Print the listing below a second time, exactly, and omit its images.

*** Material provided Section Begins ***

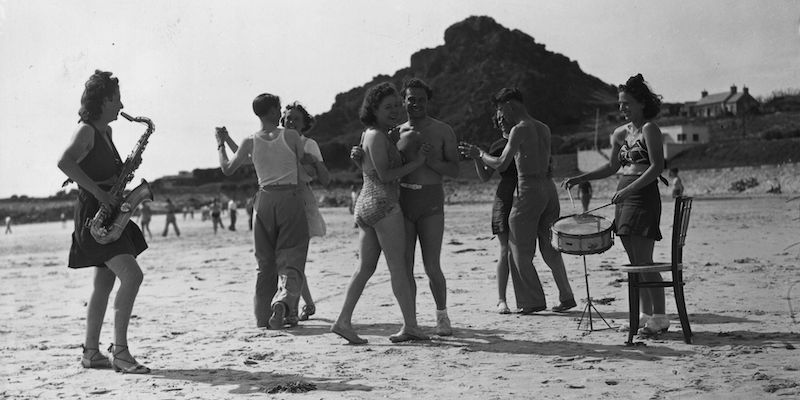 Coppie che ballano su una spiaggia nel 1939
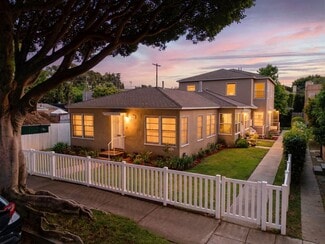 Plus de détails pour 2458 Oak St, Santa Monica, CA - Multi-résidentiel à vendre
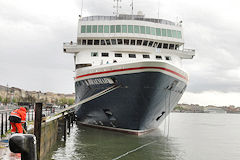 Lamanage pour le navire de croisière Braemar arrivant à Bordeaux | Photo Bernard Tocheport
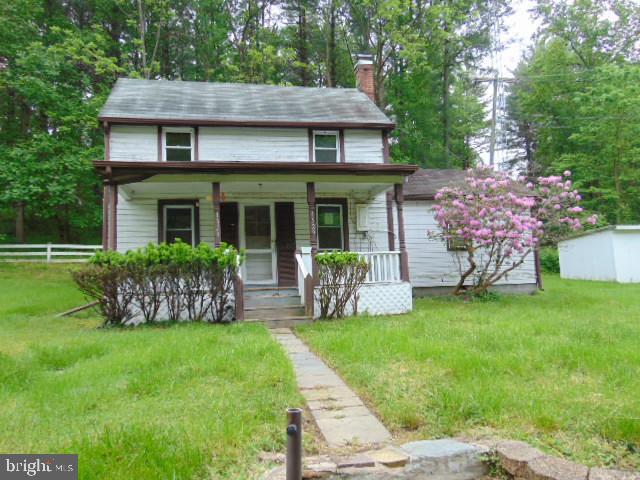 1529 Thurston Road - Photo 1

*** Material provided Section Ends ***

Your solution —
 Coppie che ballano su una spiaggia nel 1939
 Plus de détails pour 2458 Oak St, Santa Monica, CA - Multi-résidentiel à vendre
 Lamanage pour le navire de croisière Braemar arrivant à Bordeaux | Photo Bernard Tocheport
 1529 Thurston Road - Photo 1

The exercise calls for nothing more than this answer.